Print the data exactly. Pictures stay out.

(Image-caption web data)
- - - - - - -

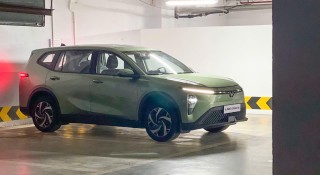 Limo Green xuất hiện bí ẩn tại hầm xe: MPV điện 7 chỗ đầu tiên của Việt Nam sắp trình làng?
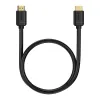 Baseus High Definition Series HDMI 2.0 kábel, 0,5m (fekete) - 4. kép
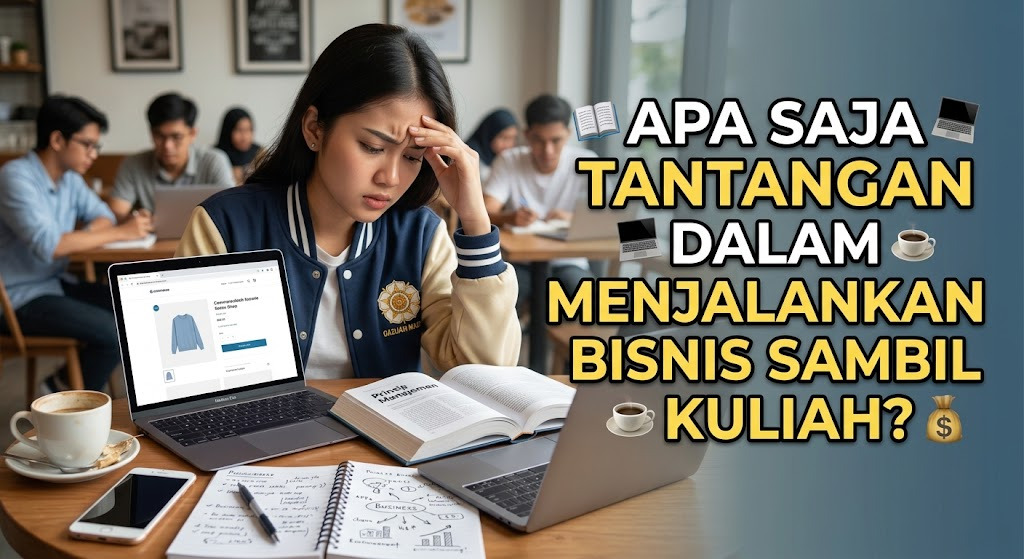 Apa Saja Tantangan dalam Menjalankan Bisnis Sambil Kuliah?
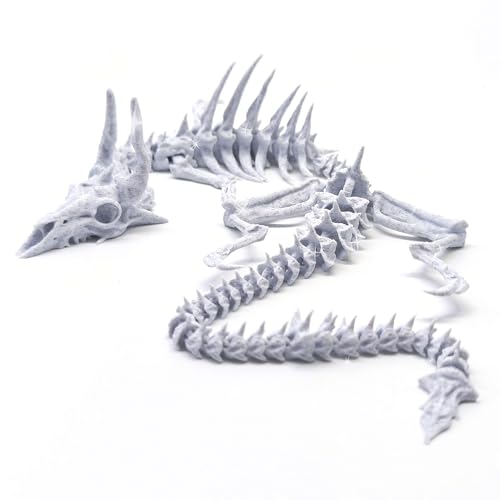 BACH AND BOUJEE Figura dragón Esqueleto fantasía sombría Fantasma decoración Fiestas Halloween cumpleaños Regalo Mesa Accesorios Jugadores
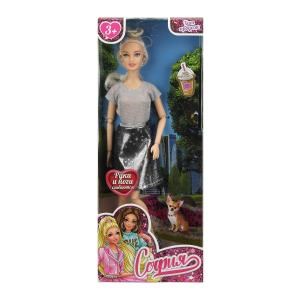 Кукла 29см София, руки и ноги сгиб., кор. КАРАПУЗ C5-S-JP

- - - - - - -

### Answer space:
 Limo Green xuất hiện bí ẩn tại hầm xe: MPV điện 7 chỗ đầu tiên của Việt Nam sắp trình làng?
 Baseus High Definition Series HDMI 2.0 kábel, 0,5m (fekete) - 4. kép
 Apa Saja Tantangan dalam Menjalankan Bisnis Sambil Kuliah?
 BACH AND BOUJEE Figura dragón Esqueleto fantasía sombría Fantasma decoración Fiestas Halloween cumpleaños Regalo Mesa Accesorios Jugadores
 Кукла 29см София, руки и ноги сгиб., кор. КАРАПУЗ C5-S-JP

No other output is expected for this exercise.